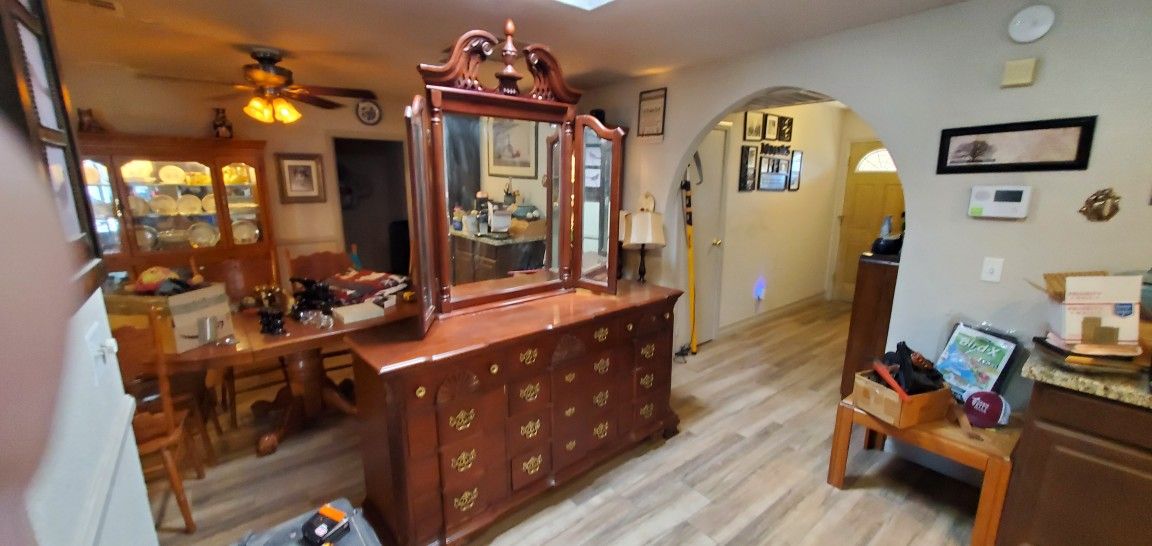 Dresser With Mirror And Nightstands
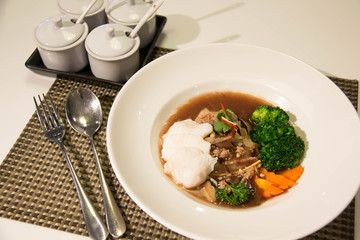  Fried noodle with fish and broccoli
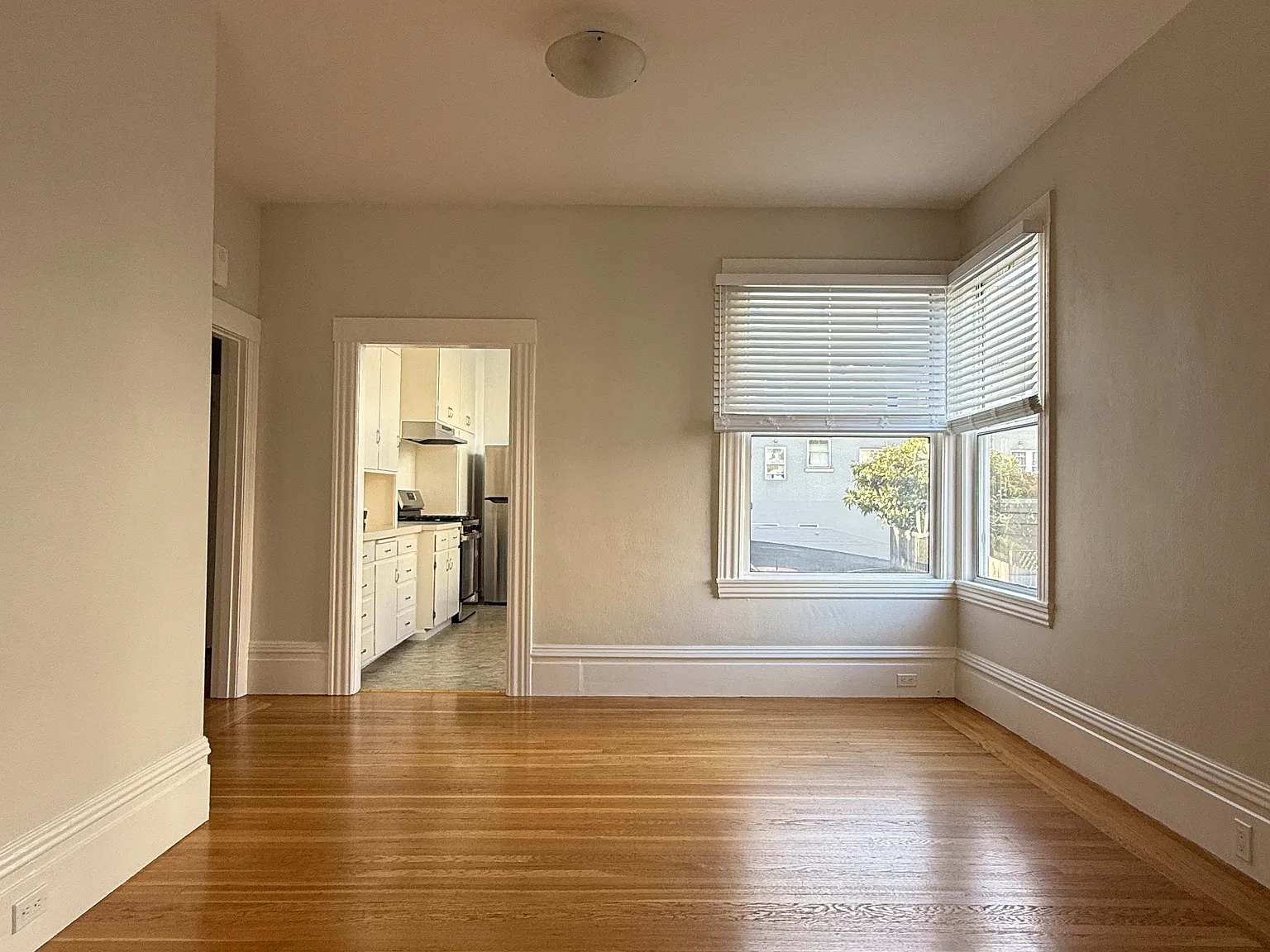 1 bed, 1.5 bath, 775 sqft, $5,300 — Photo 3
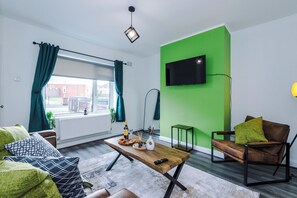 TV, books - NEW! The Acacia House Lodge|Modern & Stylish 3 Bed (Greater Manchester)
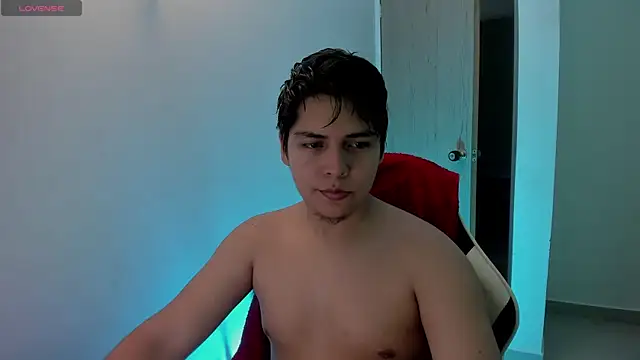 Snapshot of Asta_YunoXXX chatting on 06/27/26, 01:17 Asta YunoXXX online show from 06/27/26, 01:17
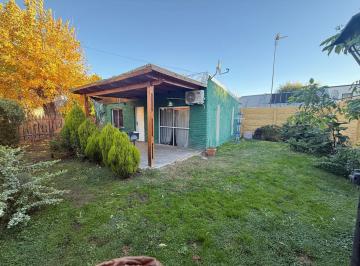 Casa · 200m² · 1 Ambiente · 1 Cochera · Oportunidad Casa en Venta con Jardin Country Roda Bajas Expensas Toma Vehiculo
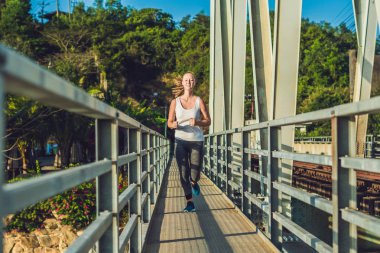 güzel bir kadın çalışan 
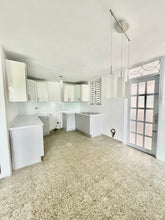 Load image into Gallery viewer, Sold Urb. Villa Carolina, Carolina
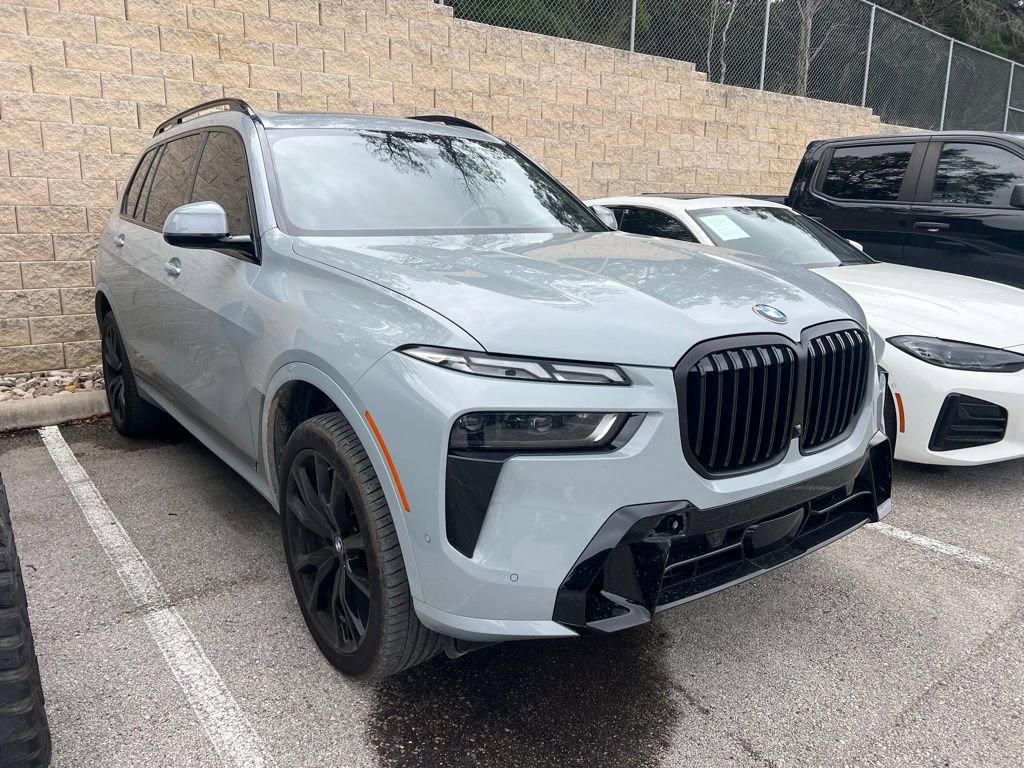 Certified 2024 BMW X7 xDrive40i w/ Executive Package AWD/4WD image 2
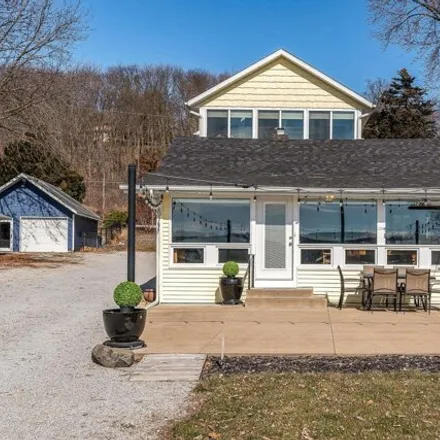 Image 1 - 2901 West Canal Shore Drive, Le Claire, IA 52753, USA - House for sale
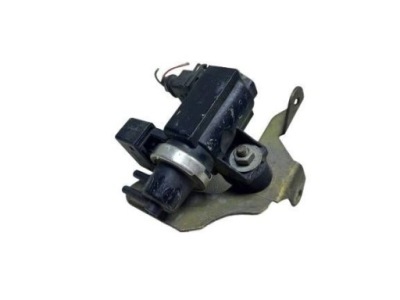 Клапан вакууму 2247906 bmw e46 2.0d фото №1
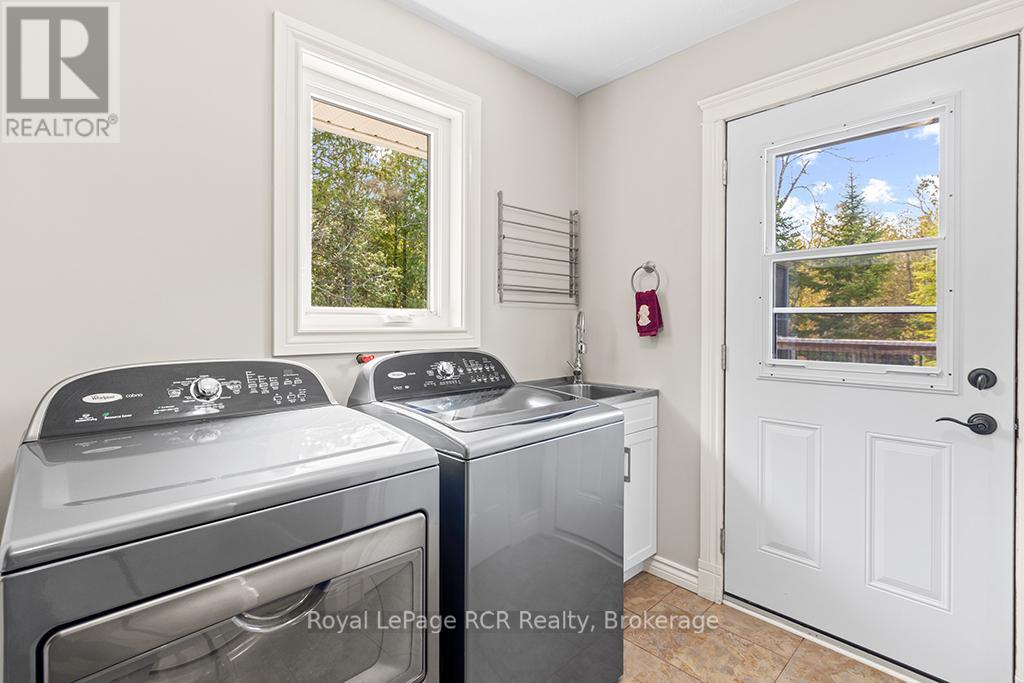 109 PIKE STREET - 20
++++
EXERCISE BRIEF – Could you print all of the entries above exactly as written, minus the pictures?

ANSWER SECTION –
 Dresser With Mirror And Nightstands
  Fried noodle with fish and broccoli
 1 bed, 1.5 bath, 775 sqft, $5,300 — Photo 3
 TV, books - NEW! The Acacia House Lodge|Modern & Stylish 3 Bed (Greater Manchester)
 Snapshot of Asta_YunoXXX chatting on 06/27/26, 01:17 Asta YunoXXX online show from 06/27/26, 01:17
 Casa · 200m² · 1 Ambiente · 1 Cochera · Oportunidad Casa en Venta con Jardin Country Roda Bajas Expensas Toma Vehiculo
 güzel bir kadın çalışan 
 Load image into Gallery viewer, Sold Urb. Villa Carolina, Carolina
 Certified 2024 BMW X7 xDrive40i w/ Executive Package AWD/4WD image 2
 Image 1 - 2901 West Canal Shore Drive, Le Claire, IA 52753, USA - House for sale
 Клапан вакууму 2247906 bmw e46 2.0d фото №1
 109 PIKE STREET - 20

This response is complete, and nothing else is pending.